Invitata dalla Casa delle Donne, Anna Maria Tarantola già presidente Rai e dirigente della Banca d’Italia, ora vicepresidente della Fondazione Giulia Cecchettin, è intervenuta sul tema “Essere donna oggi”
Essere donna oggi è una sfida, tra difficoltà a trovare lavoro, stipendi bassi, discriminazioni, violenze. Eppure, il messaggio emerso sabato scorso presso la biblioteca di Desio non è di rassegnazione, ma di orgoglio e determinazione. Protagonista dell’incontro “Essere donna oggi”, organizzato dalla Casa delle Donne, è stata Anna Maria Tarantola, che per prima, nel corso della sua lunga carriera, ha rotto schemi e stereotipi.
La disparità di genere
Economista, già dirigente della Banca d’Italia e presidente Rai, oggi Tarantola mette la sua esperienza al servizio della Fondazione Giulia Cecchettin come vicepresidente. Nella sua vita ha sempre puntato in alto ed è arrivata ai vertici di importanti istituzioni, spesso unica donna in mezzo a tanti uomini.Da sempre impegnata sui temi della parità di genere e contro i pregiudizi nel mondo del lavoro e non solo, Tarantola, davanti ad un numeroso pubblico, ha parlato delle sfide che si trovano a vivere le donne di oggi. La sua analisi è partita dai dati. Il tasso di occupazione femminile si ferma al 53,7%, contro il 70% di quello maschile. Quando le donne entrano nel mercato, affrontano spesso precarietà, part-time involontario e retribuzioni inferiori. La fatica nel raggiungere i vertici resta un tema centrale. “Sono a favore della Legge Golfo-Mosca sulla quota del 30% di donne nei cda”, ha detto. “Tutti e tutte devono avere la possibilità di dimostrare il proprio valore. Per questo, serve un’azione di forza”.

Dal concetto di “conciliazione” a quello di “collaborazione”
Un altro aspetto da non sottovalutare, ha precisato Tarantola, è il lavoro di cura, che grava per il 70% sulle spalle delle donne. La soluzione non risiede solo in nuove leggi sulla conciliazione. “Dobbiamo passare dalla conciliazione alla collaborazione.
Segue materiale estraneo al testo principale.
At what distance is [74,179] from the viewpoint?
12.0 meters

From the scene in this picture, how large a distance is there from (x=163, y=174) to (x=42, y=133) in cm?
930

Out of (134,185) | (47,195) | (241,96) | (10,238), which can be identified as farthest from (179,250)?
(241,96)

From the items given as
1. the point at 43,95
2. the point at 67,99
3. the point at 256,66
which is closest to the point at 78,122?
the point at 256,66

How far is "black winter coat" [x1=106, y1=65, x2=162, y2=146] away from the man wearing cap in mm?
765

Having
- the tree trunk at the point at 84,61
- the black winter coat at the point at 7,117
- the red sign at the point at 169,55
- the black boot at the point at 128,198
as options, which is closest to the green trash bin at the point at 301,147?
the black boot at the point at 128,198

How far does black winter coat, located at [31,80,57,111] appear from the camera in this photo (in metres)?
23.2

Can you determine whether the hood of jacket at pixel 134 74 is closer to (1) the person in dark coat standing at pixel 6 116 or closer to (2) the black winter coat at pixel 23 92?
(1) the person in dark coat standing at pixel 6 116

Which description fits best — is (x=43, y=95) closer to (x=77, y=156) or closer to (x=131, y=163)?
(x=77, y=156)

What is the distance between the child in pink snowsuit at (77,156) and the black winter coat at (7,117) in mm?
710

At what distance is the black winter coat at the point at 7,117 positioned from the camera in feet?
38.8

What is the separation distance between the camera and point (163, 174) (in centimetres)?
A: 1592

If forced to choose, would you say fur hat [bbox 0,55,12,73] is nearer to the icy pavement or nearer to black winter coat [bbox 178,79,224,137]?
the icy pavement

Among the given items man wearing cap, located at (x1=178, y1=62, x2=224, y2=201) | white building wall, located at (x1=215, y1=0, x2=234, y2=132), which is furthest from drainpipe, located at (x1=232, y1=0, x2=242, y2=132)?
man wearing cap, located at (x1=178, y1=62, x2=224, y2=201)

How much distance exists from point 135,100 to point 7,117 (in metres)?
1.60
Non serve solo dare tempo alle donne per gestire la casa, ma incentivare norme che spingano uomini e donne a condividere il carico familiare. Solo così le donne avranno tempo per la propria realizzazione.”
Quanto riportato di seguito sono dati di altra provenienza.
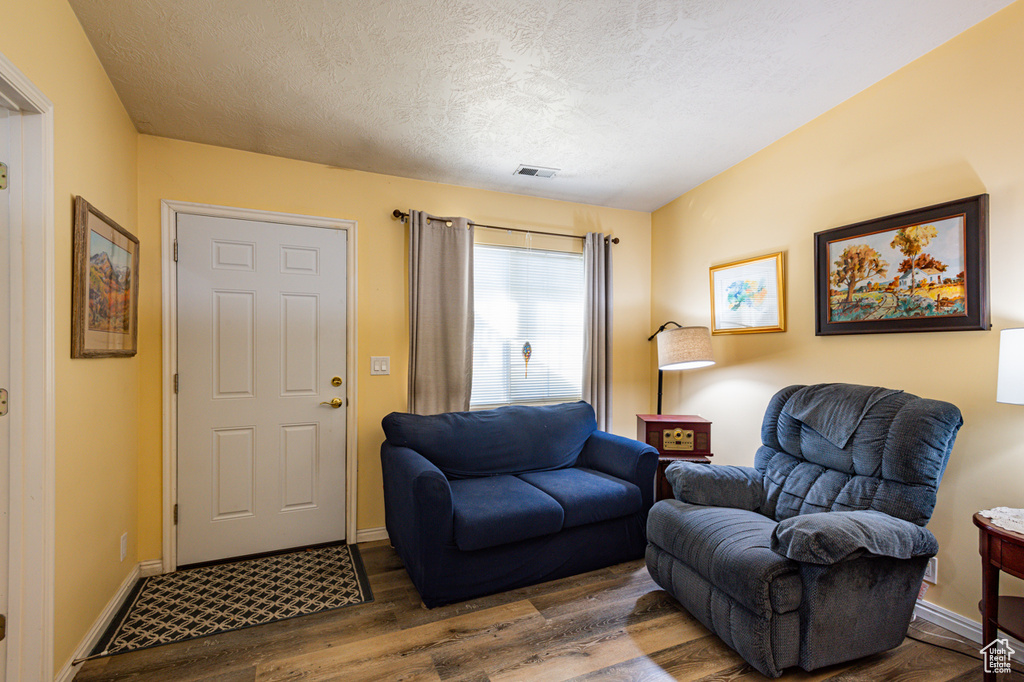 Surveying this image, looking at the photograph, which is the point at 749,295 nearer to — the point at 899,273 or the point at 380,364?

Violenza e valore economico
Il legame tra economia e diritti è profondo. Tarantola ha ricordato che la parità non è solo una questione etica, ma un volano economico: un aumento dell’occupazione femminile farebbe crescere il Pil e le aziende con almeno il 20% di donne nei ruoli di comando risultano statisticamente più innovative e virtuose. “La parità di genere sarebbe un vantaggio per tutta la società” ha sottolineato. Tuttavia, il progresso è minacciato dalla persistenza della violenza, che spesso parte dalla discriminazione economica e passa per la violenza verbale e digitale: “Ricordate il caso della piattaforma Mia Moglie?”
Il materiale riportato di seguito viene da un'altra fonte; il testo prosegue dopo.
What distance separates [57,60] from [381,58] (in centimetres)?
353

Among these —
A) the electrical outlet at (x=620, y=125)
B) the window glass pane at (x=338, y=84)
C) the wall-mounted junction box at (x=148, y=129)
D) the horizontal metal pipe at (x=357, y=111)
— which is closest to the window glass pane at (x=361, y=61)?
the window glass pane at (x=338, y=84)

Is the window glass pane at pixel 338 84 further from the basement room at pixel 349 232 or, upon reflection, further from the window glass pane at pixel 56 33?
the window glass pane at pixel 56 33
L’impegno con la Fondazione Cecchettin
Tarantola ha poi parlato dell’impegno della Fondazione Giulia Cecchettin. L’obiettivo, voluto con forza da Gino Cecchettin, è ambizioso: trasformare il dolore in amore. La Fondazione lavora attivamente sulla formazione dei docenti e il dialogo nelle aziende, cercando di diffondere sempre di più la cultura del rispetto. Il messaggio finale è un invito all’alleanza: “La nostra non è una battaglia contro gli uomini, ma una battaglia per realizzare noi stesse, insieme agli uomini”. E un pensiero alle giovani donne: “Non abbiate paura di essere voi stesse, non sentitevi inferiori, ma abbiate il coraggio di osare e puntare in alto: impegnatevi, con passione, e metteteci del vostro essere donna in ogni cosa”.